Judge Disqualifies Alina Habba as New Jersey U.S. Attorney

Judge D. Michael Fisher of the U.S. Court of Appeals for the Third Circuit disqualified Alina Habba from her role as New Jersey’s top federal prosecutor.

Defendants in two criminal cases moved to disqualify Habba and dismiss their indictments.

The opinion is similar to the disqualification of Lindsey Halligan, which led to the dismissal of cases of former FBI Director James Comey and New York Attorney General Letitia James.

Fisher cited the Federal Vacancies Act (FVRA), which allows the president “to designate someone to perform the duties of specified offices in an acting or interim capacity.”

New Jersey U.S. Attorney Phillip Sellinger resigned on January 8. Attorney General Pam Bondi appointed John Giordano on March 3, but he resigned after three weeks.

Bondi then appointed Habba, who was sworn in on March 28.

Remember, the interim appointment only lasts 120 days.

President Donald Trump nominated Habba for the position in June, but the Senate has not acted on the nomination. This is known as the PAS process.

The administration took action when the deadline approached (emphasis mine):

As § 546’s 120-day deadline approached, the United States District Court for the District of New Jersey issued a standing order pursuant to 28 U.S.C. § 546(d) providing that Desiree Grace—the First Assistant U.S. Attorney at the time— would be Interim U.S. Attorney effective upon the expiration of Habba’s 120-day term under § 546.1 In response, the Department of Justice terminated Grace’s employment. Then, on July 24, the Trump administration took several steps: (1) the President withdrew Habba’s nomination for U.S. Attorney; (2) Habba resigned as Interim U.S. Attorney; (3) the Attorney General issued an order appointing Habba as “Special Attorney” to the Attorney General, accompanied by a letter authorizing Habba to conduct “any kind of legal proceedings .. . which United States Attorneys are authorized to conduct” pursuant to 28 U.S.C. § 515, App. 161–62, 165; and (4) in the same order, the Attorney General also designated Habba as First Assistant U.S. Attorney, which purported to mean that Habba automatically became Acting U.S. Attorney pursuant to the FVRA, 5 U.S.C. § 3345(a)(1). As a result of these moves, the Government contends that Habba is the Acting U.S. Attorney for the District of New Jersey.

I have a better idea. The Senate should get off its butt and confirm appointments.

A district court did not dismiss the indictments against the two criminals, but agreed that Habba should be disqualified.

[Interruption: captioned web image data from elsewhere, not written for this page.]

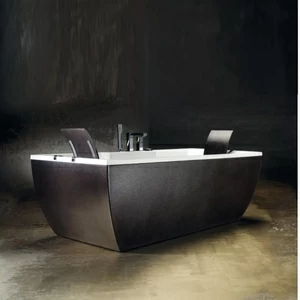 Ванна угловая Kali Metal Corten 180 см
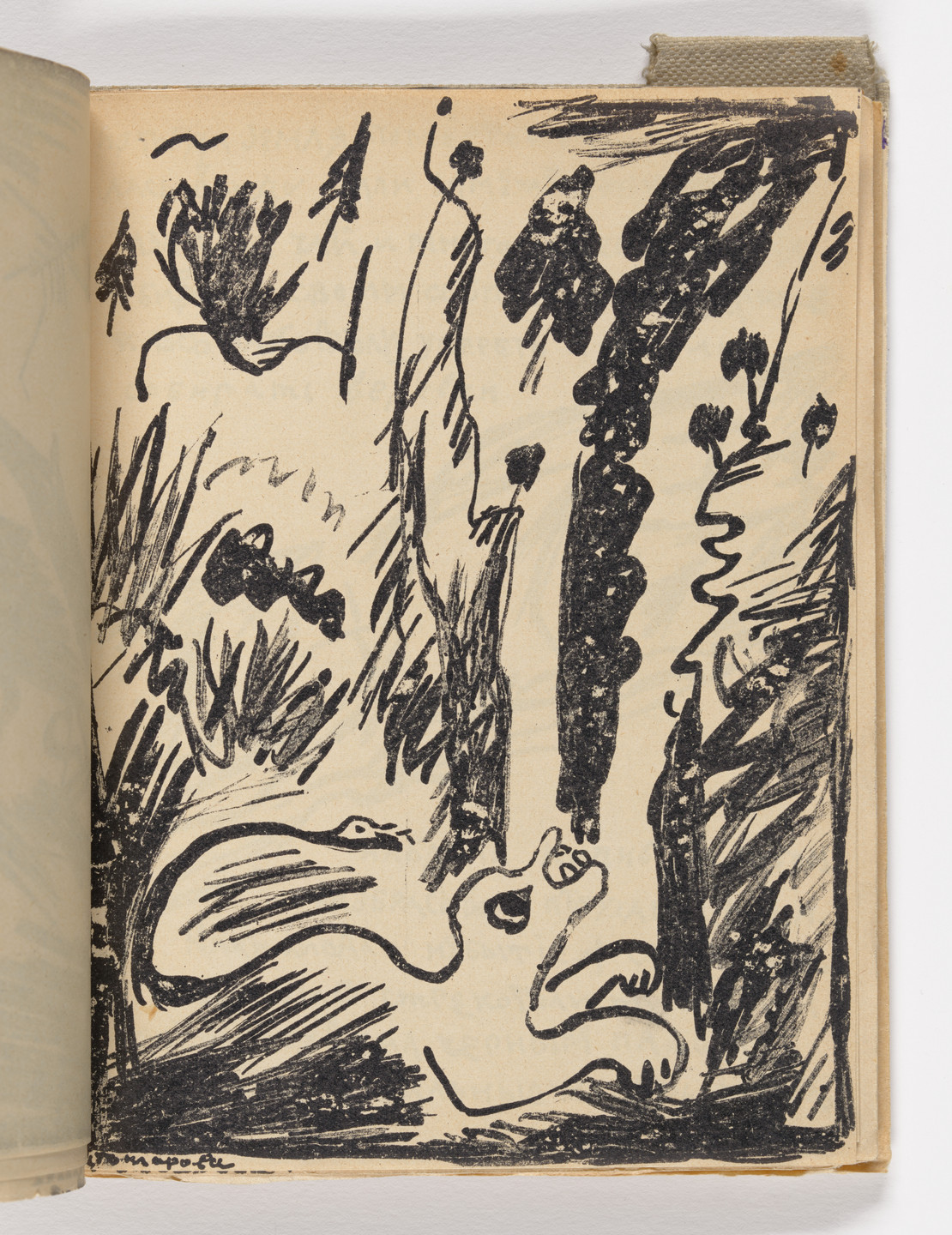 Various Artists, Natalia Goncharova, Mikhail Larionov, Nikolai Rogovin, Vladimir Tatlin. Plate (folio 21) from Mirskontsa (Worldbackwards). 1912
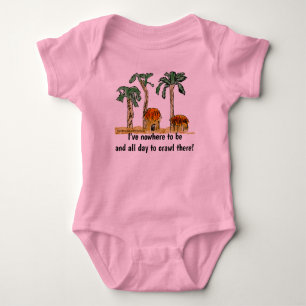 Palm Trees in Paradise Baby Bodysuit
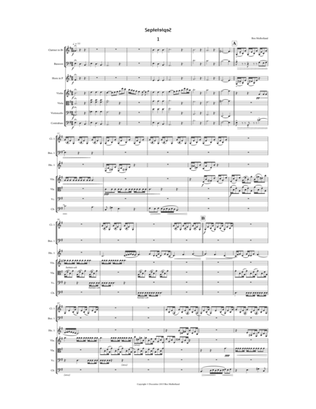 Septet for Clarinet, Bassoon, Horn, Violin, Viola, Cello, and Bass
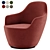 Ultimate Comfort: Harbor Armchair 3D model small image 2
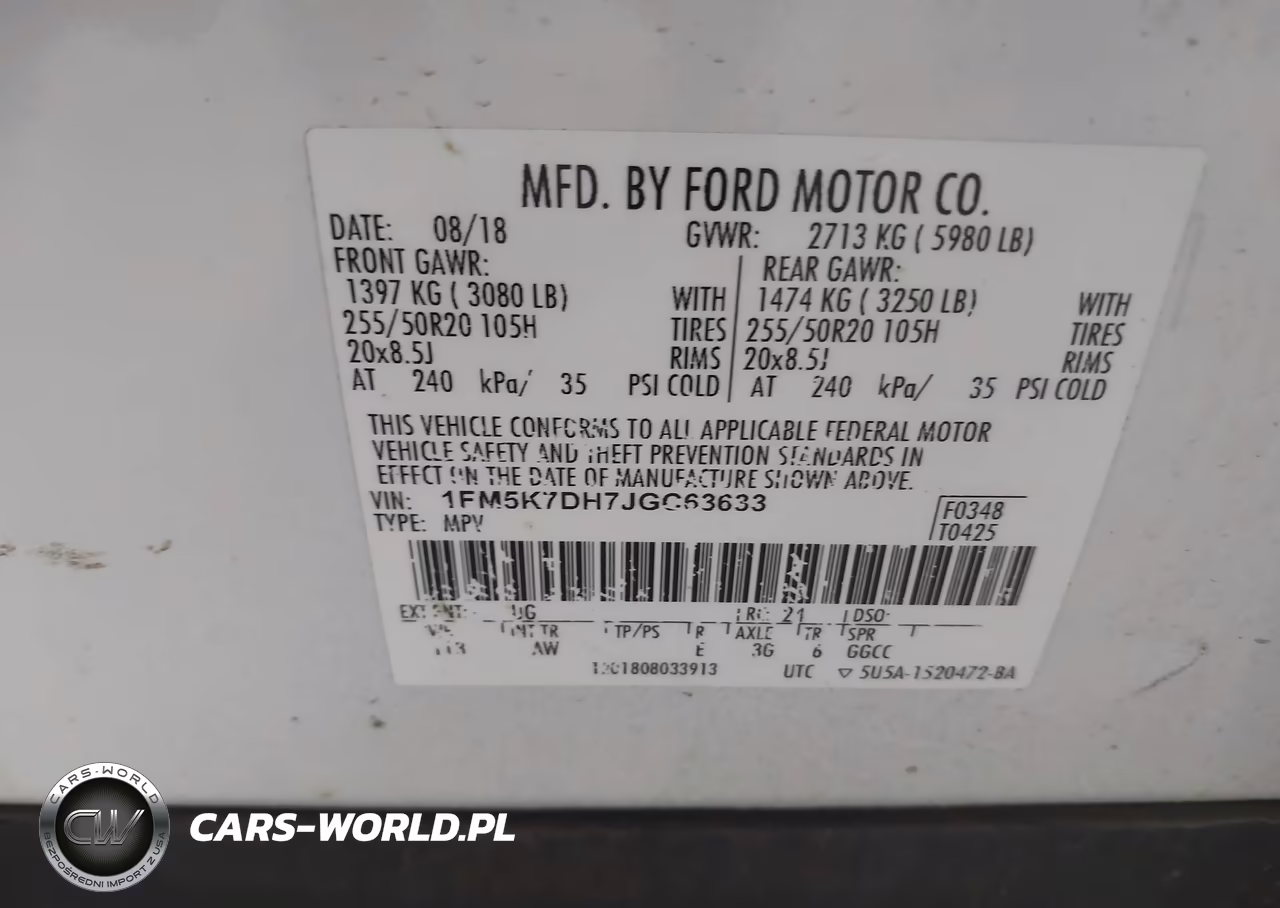 2018 Ford Explorer Xlt VIN:1FM5K7DH7JGC63633 - 9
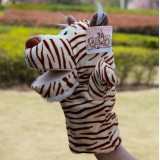 Cute & Novel Cartoon Madagascar Animal Hand Puppet Plush Toy - Tiger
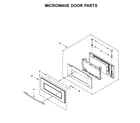 Jenn-Air JMW3430DS04 microwave door parts diagram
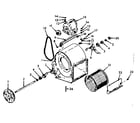Kenmore 867761854 h-q blower assembly diagram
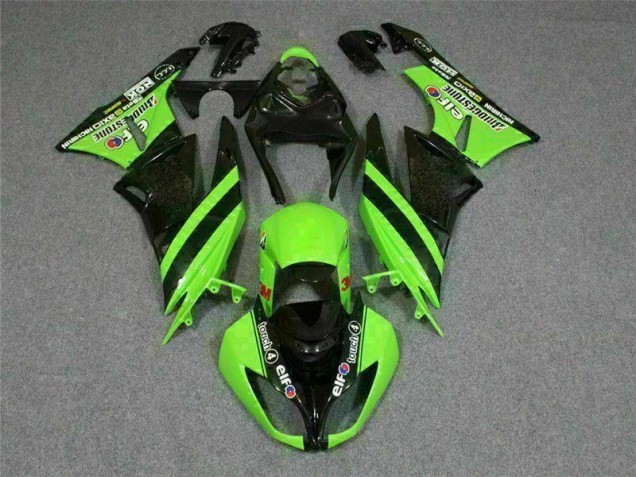 Noir Vert 3M Touch4 Carénage Kawasaki ZX6R 2009-2012 Noir Vert 3M Touch4 Carénage Kawasaki ZX6R 2009-2012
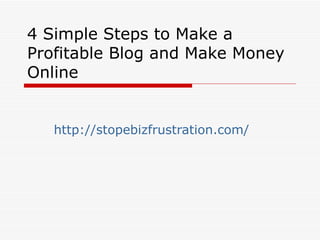 How to Make Money Online Using Blog http://pinurl.com/k4o 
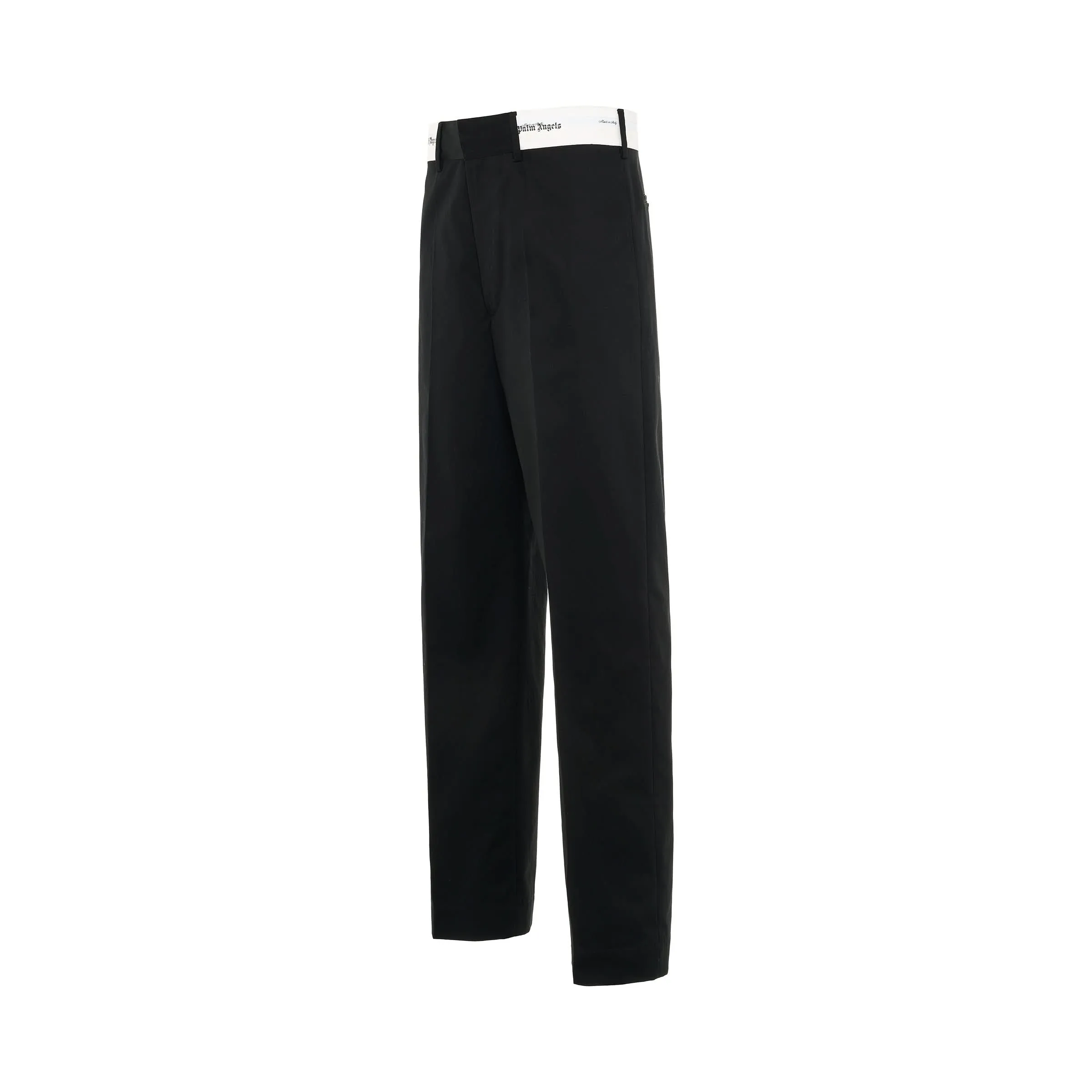 Satorial Waistband Chino Pants in Black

The administration appealed.

The part I bolded above is vital because Fisher shot it down:

Textually and structurally, within the context of the full statutory framework Congress has provided, the Government’s reading of the FVRA’s first assistant provision is not persuasive because it renders other FVRA and § 546 provisions mostly superfluous. Rather, we agree with the District Court that “[t]he most natural reading” of subsection (a)(1) is that only the first assistant in place at the time of the vacancy automatically assumes acting status under the FVRA because it is the reading that “better harmonizes the various provisions in [the FVRA and § 546] and avoids the oddities that [the Government’s] interpretation would create.” Rep. of Sudan v. Harrison, 587 U.S. 1, 8, 15 (2019). Therefore, Habba is not eligible to serve as Acting U.S. Attorney under the FVRA’s first-assistant provision, 5 U.S.C. § 3345(a)(1), because she was not the First Assistant U.S. Attorney at the time the vacancy arose.

Another problem is that Trump nominated Habba to the role:

Even if the FVRA’s first assistant provision did allow a later-appointed first assistant automatically to ascend to the role of acting officer, Habba would still need to overcome the FVRA’s nomination bar. The FVRA provides that “a person may not serve as an acting officer for an office under this section, if . . . the President submits a nomination of such person to the Senate for appointment to such office.” 5 U.S.C. § 3345(b)(1).

The administration argued that the bar only applies to pending nominees.

Fisher said that the statute lacks any indication that “the bar lifts when a nomination is no longer pending.”